• _Instructions to follow_
Pull out of the data below the stretch of lines bounded by the one containing "Vintage obraz Mini" and the one containing "Dynamic 3D Visualization", both bounds included, unchanged.

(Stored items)

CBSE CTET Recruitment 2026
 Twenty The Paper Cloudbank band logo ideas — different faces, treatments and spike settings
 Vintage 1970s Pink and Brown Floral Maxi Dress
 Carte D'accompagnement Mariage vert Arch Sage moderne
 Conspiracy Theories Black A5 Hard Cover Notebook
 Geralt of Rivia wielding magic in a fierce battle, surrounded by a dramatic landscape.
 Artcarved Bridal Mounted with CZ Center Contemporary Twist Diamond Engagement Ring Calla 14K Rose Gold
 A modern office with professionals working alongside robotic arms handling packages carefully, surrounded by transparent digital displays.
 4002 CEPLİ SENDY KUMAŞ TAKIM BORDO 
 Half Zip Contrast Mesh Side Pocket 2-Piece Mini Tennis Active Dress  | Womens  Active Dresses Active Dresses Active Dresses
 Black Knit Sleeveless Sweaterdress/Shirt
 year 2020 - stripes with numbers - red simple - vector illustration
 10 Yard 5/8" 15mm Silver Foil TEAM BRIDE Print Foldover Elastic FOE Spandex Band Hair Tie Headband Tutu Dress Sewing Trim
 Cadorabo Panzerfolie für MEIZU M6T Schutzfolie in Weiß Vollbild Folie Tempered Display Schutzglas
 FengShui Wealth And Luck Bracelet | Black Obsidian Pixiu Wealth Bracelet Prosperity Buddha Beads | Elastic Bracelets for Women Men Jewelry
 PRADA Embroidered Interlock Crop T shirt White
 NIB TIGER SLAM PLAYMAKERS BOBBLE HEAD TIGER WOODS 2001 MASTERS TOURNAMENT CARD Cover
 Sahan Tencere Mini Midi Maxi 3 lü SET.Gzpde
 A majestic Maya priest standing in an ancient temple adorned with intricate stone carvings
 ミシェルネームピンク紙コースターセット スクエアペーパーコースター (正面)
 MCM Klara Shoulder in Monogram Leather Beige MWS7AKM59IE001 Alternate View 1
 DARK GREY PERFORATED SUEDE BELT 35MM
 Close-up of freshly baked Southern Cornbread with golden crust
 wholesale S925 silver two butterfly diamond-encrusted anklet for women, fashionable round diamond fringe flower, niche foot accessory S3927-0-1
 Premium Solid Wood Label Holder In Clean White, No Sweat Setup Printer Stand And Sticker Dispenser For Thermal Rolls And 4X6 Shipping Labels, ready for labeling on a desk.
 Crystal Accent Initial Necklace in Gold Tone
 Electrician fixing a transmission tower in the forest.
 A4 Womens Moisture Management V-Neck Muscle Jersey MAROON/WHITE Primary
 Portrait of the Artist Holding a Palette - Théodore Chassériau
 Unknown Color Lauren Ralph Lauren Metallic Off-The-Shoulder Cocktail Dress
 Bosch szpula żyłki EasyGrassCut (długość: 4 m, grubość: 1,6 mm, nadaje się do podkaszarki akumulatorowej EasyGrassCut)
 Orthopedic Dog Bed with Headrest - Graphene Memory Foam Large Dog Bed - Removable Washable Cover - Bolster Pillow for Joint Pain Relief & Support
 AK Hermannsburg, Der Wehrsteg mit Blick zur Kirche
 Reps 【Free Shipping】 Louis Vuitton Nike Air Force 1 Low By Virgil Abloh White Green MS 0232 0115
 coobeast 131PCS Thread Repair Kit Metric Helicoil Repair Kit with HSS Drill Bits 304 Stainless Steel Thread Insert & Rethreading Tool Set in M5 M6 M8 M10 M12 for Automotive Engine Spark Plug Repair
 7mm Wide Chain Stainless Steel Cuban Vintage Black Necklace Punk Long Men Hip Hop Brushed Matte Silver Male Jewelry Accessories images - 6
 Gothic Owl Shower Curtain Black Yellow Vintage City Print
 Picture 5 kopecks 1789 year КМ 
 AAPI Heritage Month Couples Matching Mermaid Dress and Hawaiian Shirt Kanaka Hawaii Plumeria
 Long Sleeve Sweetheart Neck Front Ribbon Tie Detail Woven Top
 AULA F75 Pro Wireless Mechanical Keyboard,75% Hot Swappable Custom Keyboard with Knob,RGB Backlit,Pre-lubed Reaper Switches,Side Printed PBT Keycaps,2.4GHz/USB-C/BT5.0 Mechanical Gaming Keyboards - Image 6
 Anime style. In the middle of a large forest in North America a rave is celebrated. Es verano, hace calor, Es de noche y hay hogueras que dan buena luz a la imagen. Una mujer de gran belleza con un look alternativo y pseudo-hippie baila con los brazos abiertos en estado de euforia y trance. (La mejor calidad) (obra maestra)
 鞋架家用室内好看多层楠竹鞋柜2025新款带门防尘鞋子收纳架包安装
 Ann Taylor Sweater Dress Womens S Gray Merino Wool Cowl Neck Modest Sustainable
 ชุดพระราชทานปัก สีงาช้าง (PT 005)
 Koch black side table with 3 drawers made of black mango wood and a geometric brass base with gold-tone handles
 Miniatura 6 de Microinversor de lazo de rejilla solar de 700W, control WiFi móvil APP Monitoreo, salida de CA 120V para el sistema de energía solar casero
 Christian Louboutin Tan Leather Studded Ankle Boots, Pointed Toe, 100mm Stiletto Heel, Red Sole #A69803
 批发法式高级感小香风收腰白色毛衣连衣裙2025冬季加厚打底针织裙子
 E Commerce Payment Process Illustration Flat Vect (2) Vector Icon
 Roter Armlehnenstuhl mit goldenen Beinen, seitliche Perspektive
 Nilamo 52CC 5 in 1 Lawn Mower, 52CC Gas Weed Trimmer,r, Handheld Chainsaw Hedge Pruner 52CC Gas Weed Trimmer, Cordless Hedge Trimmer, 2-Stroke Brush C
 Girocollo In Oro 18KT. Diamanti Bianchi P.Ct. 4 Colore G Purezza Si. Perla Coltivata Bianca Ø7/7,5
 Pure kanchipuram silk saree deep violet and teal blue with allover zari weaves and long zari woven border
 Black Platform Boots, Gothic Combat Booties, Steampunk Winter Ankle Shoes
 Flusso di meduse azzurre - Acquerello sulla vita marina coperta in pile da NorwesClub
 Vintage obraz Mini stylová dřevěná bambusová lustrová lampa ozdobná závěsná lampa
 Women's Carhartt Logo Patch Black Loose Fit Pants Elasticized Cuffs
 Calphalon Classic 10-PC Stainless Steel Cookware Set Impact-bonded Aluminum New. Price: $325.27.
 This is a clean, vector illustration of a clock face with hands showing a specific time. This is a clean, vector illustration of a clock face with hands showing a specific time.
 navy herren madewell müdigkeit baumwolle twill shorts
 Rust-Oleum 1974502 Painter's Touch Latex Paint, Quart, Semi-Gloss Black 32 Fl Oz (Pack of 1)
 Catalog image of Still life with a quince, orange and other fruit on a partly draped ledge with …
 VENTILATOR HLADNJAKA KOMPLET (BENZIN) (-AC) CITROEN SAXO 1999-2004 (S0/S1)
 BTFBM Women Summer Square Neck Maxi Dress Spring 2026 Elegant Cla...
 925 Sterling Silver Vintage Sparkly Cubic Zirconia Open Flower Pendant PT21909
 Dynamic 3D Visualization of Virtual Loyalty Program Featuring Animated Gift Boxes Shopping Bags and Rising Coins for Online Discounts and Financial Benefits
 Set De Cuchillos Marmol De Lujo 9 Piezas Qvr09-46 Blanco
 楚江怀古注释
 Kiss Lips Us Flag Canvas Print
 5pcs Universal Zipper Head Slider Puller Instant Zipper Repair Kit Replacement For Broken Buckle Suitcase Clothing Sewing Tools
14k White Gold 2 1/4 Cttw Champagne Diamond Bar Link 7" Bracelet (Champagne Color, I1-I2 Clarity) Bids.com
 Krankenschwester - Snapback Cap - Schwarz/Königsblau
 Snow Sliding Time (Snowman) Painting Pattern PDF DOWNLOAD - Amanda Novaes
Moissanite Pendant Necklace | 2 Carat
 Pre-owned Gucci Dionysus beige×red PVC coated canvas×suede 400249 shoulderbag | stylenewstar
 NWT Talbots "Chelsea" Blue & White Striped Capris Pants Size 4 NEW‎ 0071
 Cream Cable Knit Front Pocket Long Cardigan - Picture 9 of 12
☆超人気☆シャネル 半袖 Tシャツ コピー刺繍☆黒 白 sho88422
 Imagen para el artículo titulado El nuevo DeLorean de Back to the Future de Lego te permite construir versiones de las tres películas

• _Response_
 Vintage obraz Mini stylová dřevěná bambusová lustrová lampa ozdobná závěsná lampa
 Women's Carhartt Logo Patch Black Loose Fit Pants Elasticized Cuffs
 Calphalon Classic 10-PC Stainless Steel Cookware Set Impact-bonded Aluminum New. Price: $325.27.
 This is a clean, vector illustration of a clock face with hands showing a specific time. This is a clean, vector illustration of a clock face with hands showing a specific time.
 navy herren madewell müdigkeit baumwolle twill shorts
 Rust-Oleum 1974502 Painter's Touch Latex Paint, Quart, Semi-Gloss Black 32 Fl Oz (Pack of 1)
 Catalog image of Still life with a quince, orange and other fruit on a partly draped ledge with …
 VENTILATOR HLADNJAKA KOMPLET (BENZIN) (-AC) CITROEN SAXO 1999-2004 (S0/S1)
 BTFBM Women Summer Square Neck Maxi Dress Spring 2026 Elegant Cla...
 925 Sterling Silver Vintage Sparkly Cubic Zirconia Open Flower Pendant PT21909
 Dynamic 3D Visualization of Virtual Loyalty Program Featuring Animated Gift Boxes Shopping Bags and Rising Coins for Online Discounts and Financial Benefits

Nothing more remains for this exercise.